Users first create goals, either personal goals or goals shared with groups. Then, reminiscent of social media platforms like Be Real, users periodically take photos or videos of them working towards the goals to share and document their progress.
How we built it
We are a two person team, so we split into front end and back end for this project.
Front End: React Native, React, Axios
Back End: Firebase (Auth/Storeage), MySQL (Database), NodeJS/ExpressJS (Server)
Challenges we ran into
We hit walls at every step of the way, some as a result of our tech stack, and others as a result of sleep deprivation.

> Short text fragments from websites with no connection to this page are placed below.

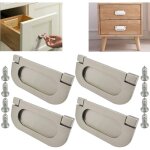 Lot de 4 poign�es invisibles en acier inoxydable, accessoires de tiroirs et de garde - robe argent�s ...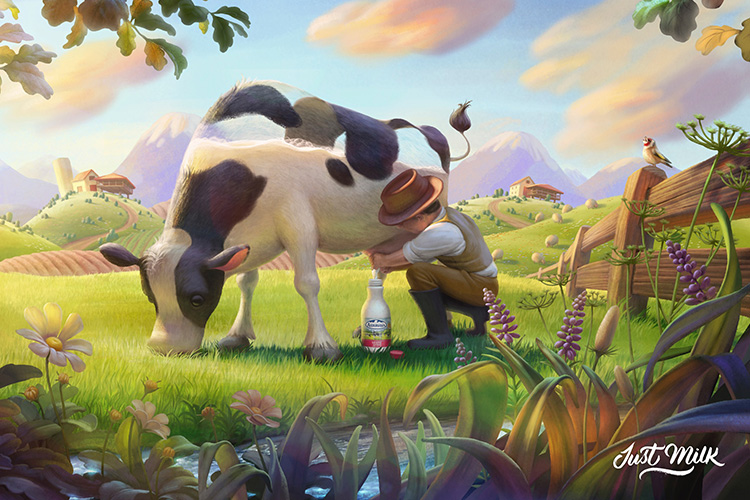 玩转创意！牛奶产品的趣味性广告海报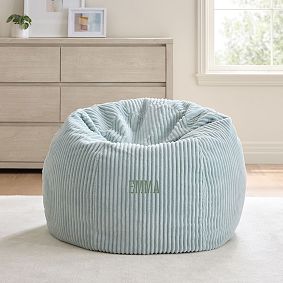 Large Chamois Porcelain Blue Bean Bag Chair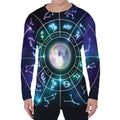 Galaxy Zodiac Wheel Print Men's Long Sleeve T-Shirt
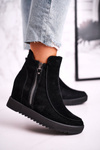 Women's Ankle Boots With Hidden Platform Suede Black Silvia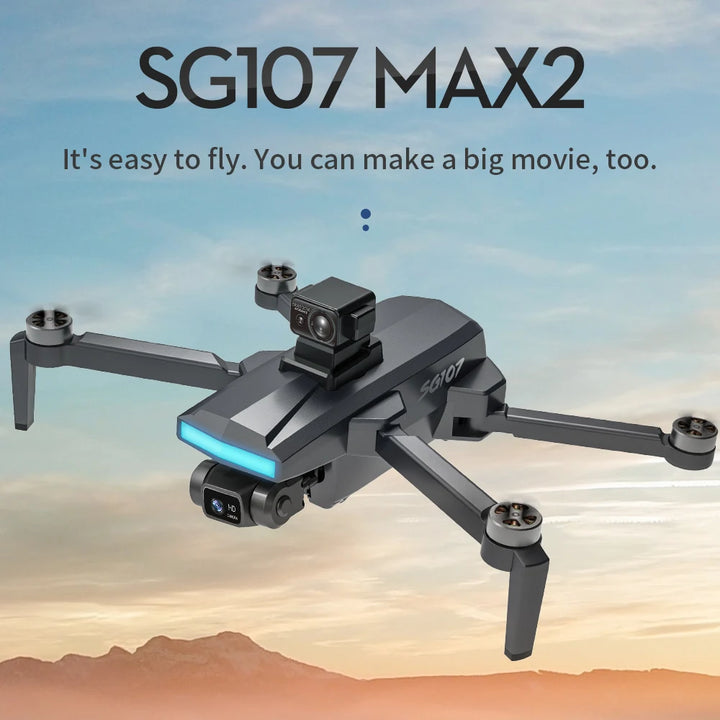 ZLL SG107MAX2 Mini Drone WIFI 4K HD Dual Camera FPV Optical Flow Gesture Control Quadcopter Profesional Rc Drone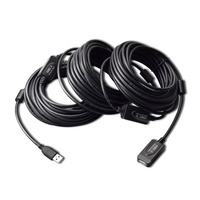 Cable de Extensión USB 2.0 Negro Transparente de 15m con 2 IC en Stock
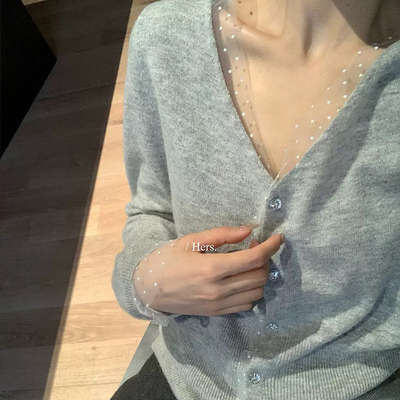 小香风v领蕾丝针织开衫修身上衣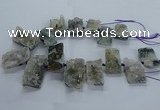 CTD2574 Top drilled 15*22mm - 25*45mm freeform druzy amethyst beads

React Native: Although we had some experience with React, we had none with React Native. Also, we both use Mac Books. React Native has serious issues with M1's architecture, making an already tedious setup process, downright awful. It probably took us between 4 and 5 hours of configuring to get React Native properly setup.
Firebase: We had never used Firebase Storage and our experience with Firebase Auth was from over a year ago. It took us quite a while to get it all set up on the back end and we never finished linking it to the front end.
MySQL: We had to figure out where and how to host our database. Our database schema and queries were mostly together. Eventually, we made the decision to drop MySQL (temporarily) and proceed with Firestore in order to complete something workable.
NodeJS/ExpressJS: There was a strange issue with getting requests from Axios to register on our locally running server.
Sleep: Probably the biggest one. It's hard to be efficient and productive on little to no sleep. We knew this going in, yet we still struggled with getting adequate rest. If there's a balance to be reached in Hackathons between work and rest. We still haven't found it.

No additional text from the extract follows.